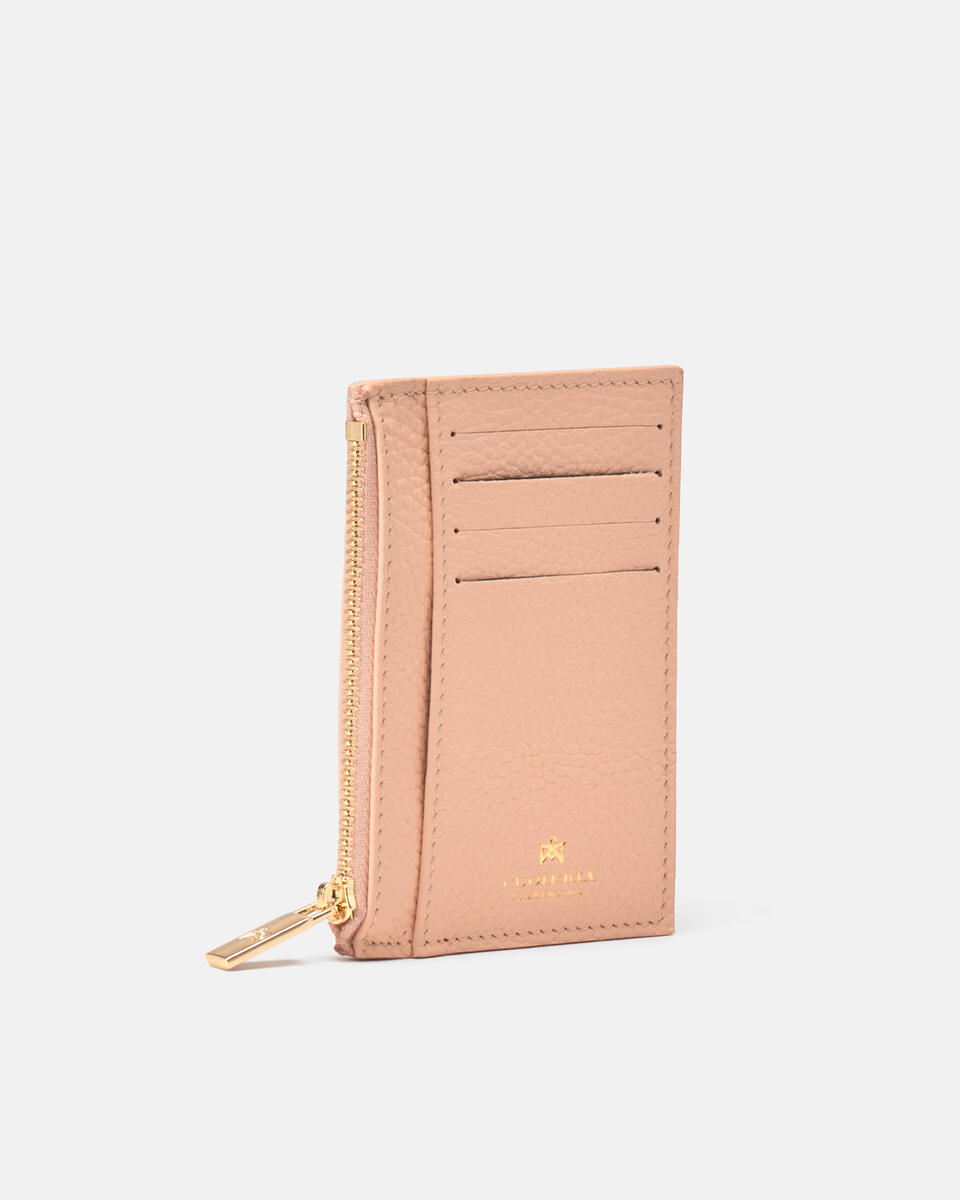 Card holder with zip Peach  - Women's Wallets - Wallets - Cuoieria Fiorentina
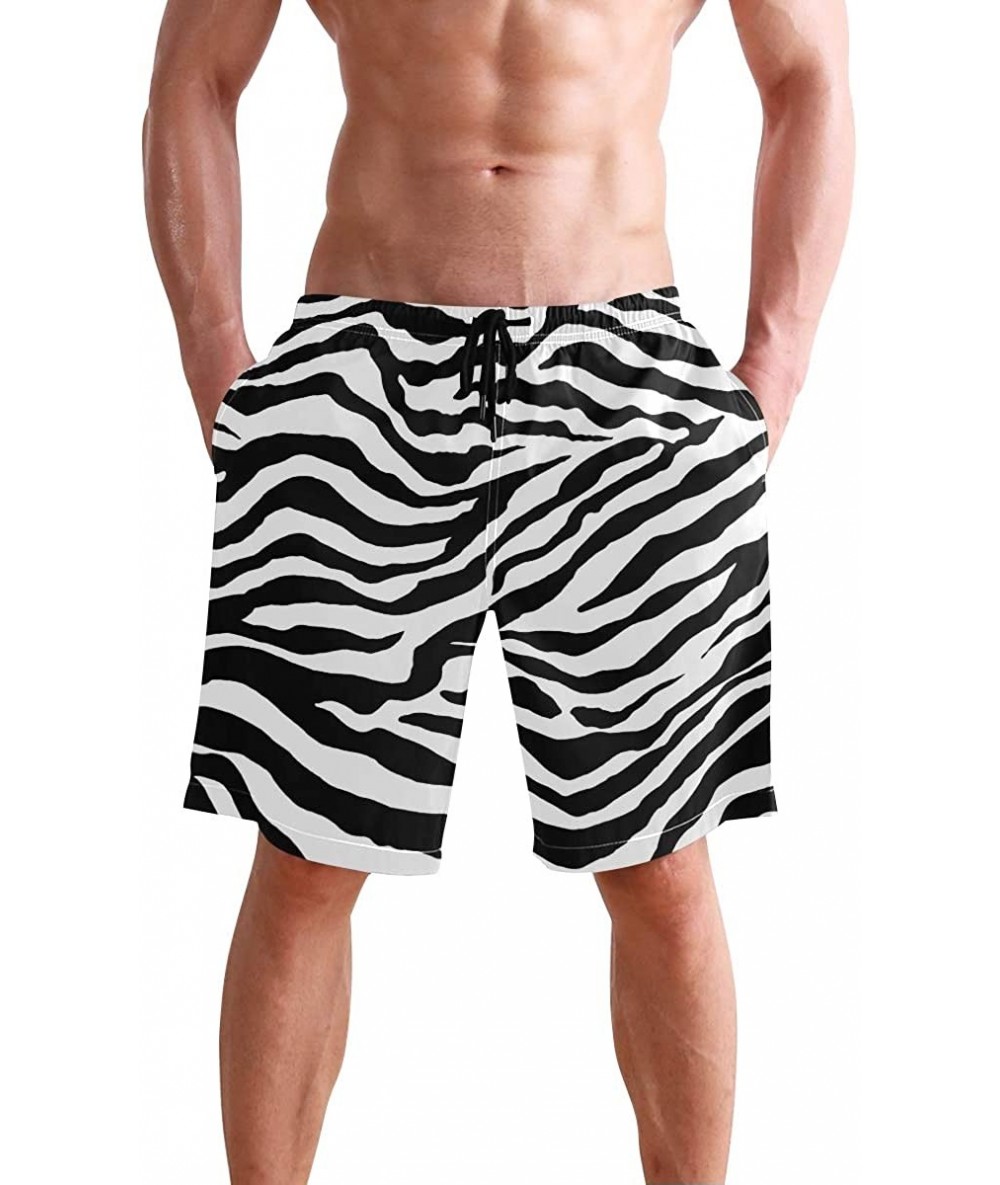 Trunks Colorful Leopard South Carolina Men's Swim Trunks Beach Shorts with Pockets - Zebra Stripe - CD18Q3XCYSI $50.95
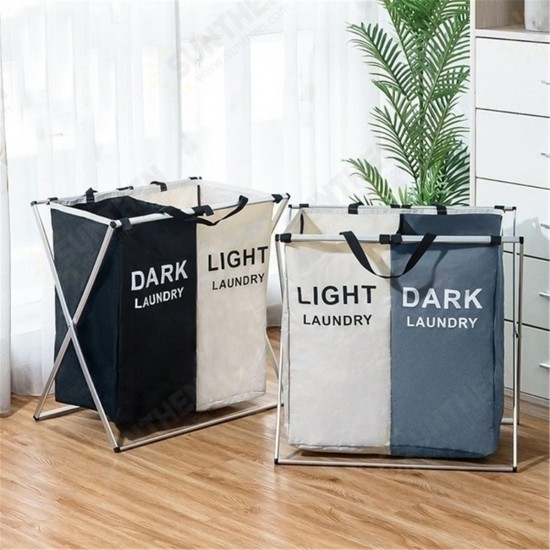 3 Grids Foldable Clothes Storage Hamper Baskets Organizer Laundry Bag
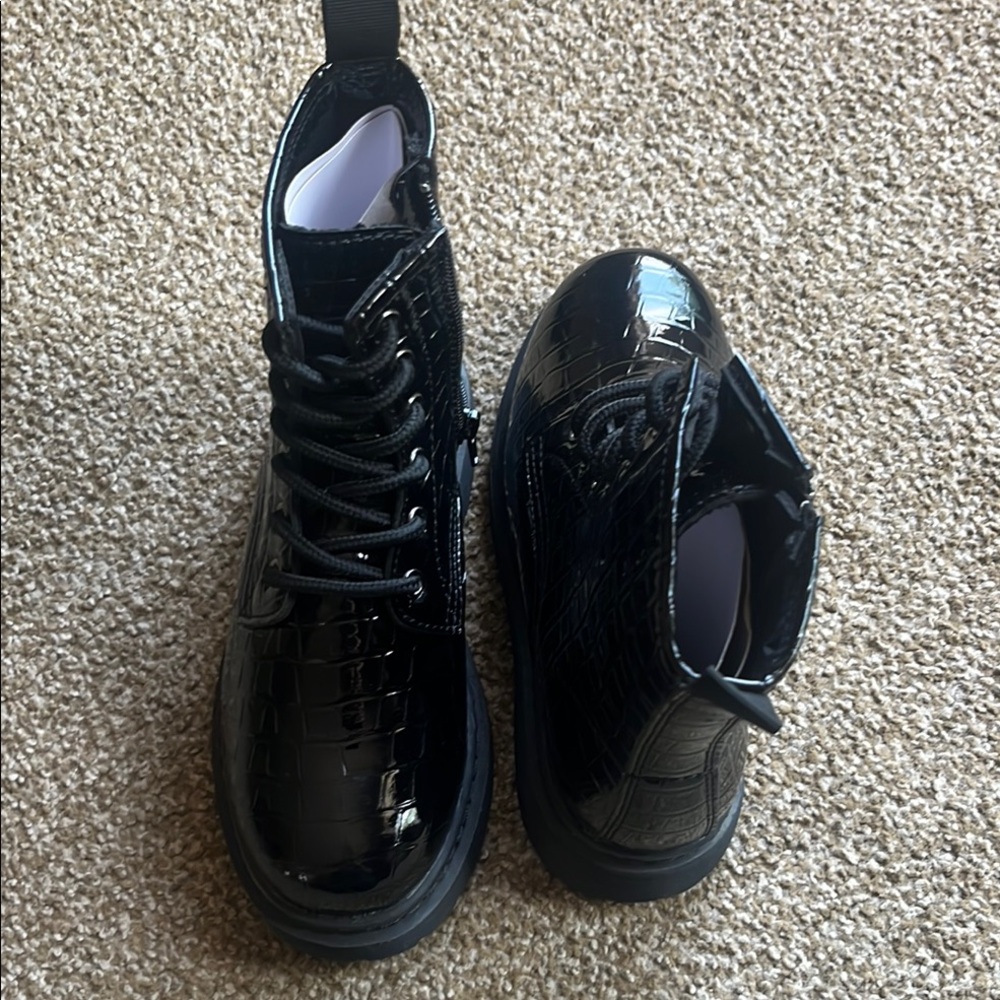 Madden Girl Black Patent Leather Ankle Boots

▶ _Problem to solve_
When you copy the data above, reproduce each line exactly and skip every image.

▶ _Result below_
 Card holder with zip Peach  - Women's Wallets - Wallets - Cuoieria Fiorentina
 Trunks Colorful Leopard South Carolina Men's Swim Trunks Beach Shorts with Pockets - Zebra Stripe - CD18Q3XCYSI $50.95
 3 Grids Foldable Clothes Storage Hamper Baskets Organizer Laundry Bag
 Madden Girl Black Patent Leather Ankle Boots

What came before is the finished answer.